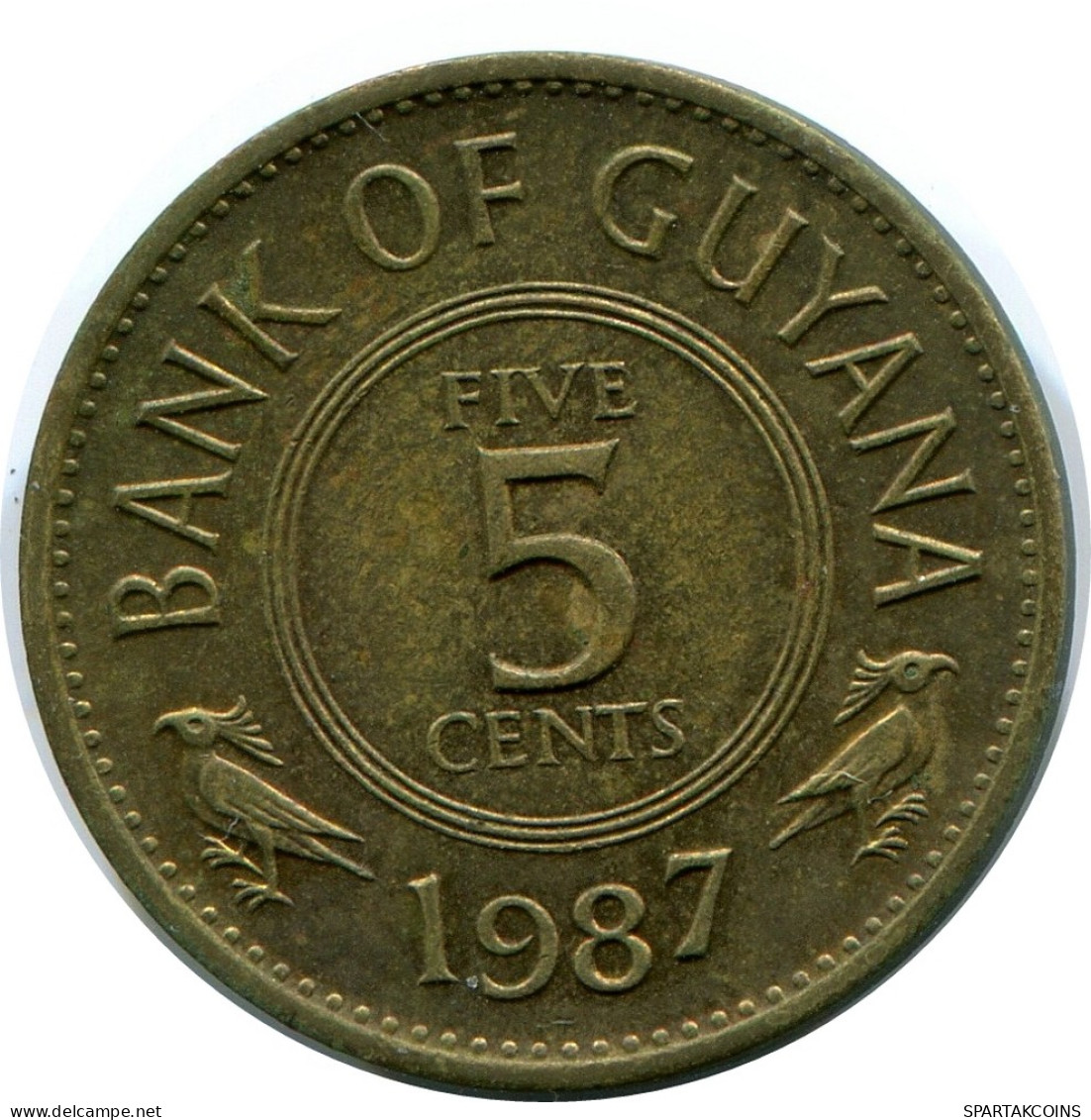 5 CENTS 1987 GUYANA Pièce #AR943.F - Guyana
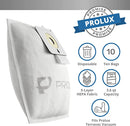 Paquete de 10 bolsas para aspiradora Prolux TerraVac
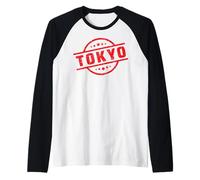Tokio Logotipo #2 Etiqueta Fuji Nippon Kioto Japón Recuerdo Camiseta Manga Raglan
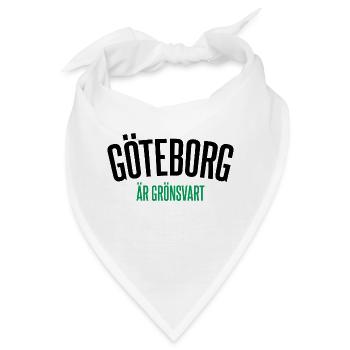Göteborg Wir geben nie auf - Bandana - Weiß - Vorne
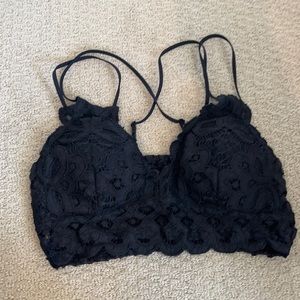 Lace Bralette in Black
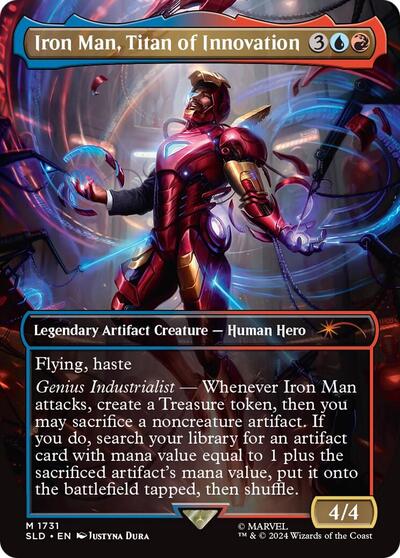 Iron Man Titan of Innovation Rainbow Foil|3|0|0.00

▬▬▬▬▬▬

• **What the task requires**:
Could the lines from the top of the material through the line with "Göteborg Wir geben" be repeated exactly, pictures left out?

• **Answer area**:
 5 CENTS 1987 GUYANA Pièce #AR943.F - Guyana
 Paquete de 10 bolsas para aspiradora Prolux TerraVac
Tokio Logotipo #2 Etiqueta Fuji Nippon Kioto Japón Recuerdo Camiseta Manga Raglan
Göteborg Wir geben nie auf - Bandana - Weiß - Vorne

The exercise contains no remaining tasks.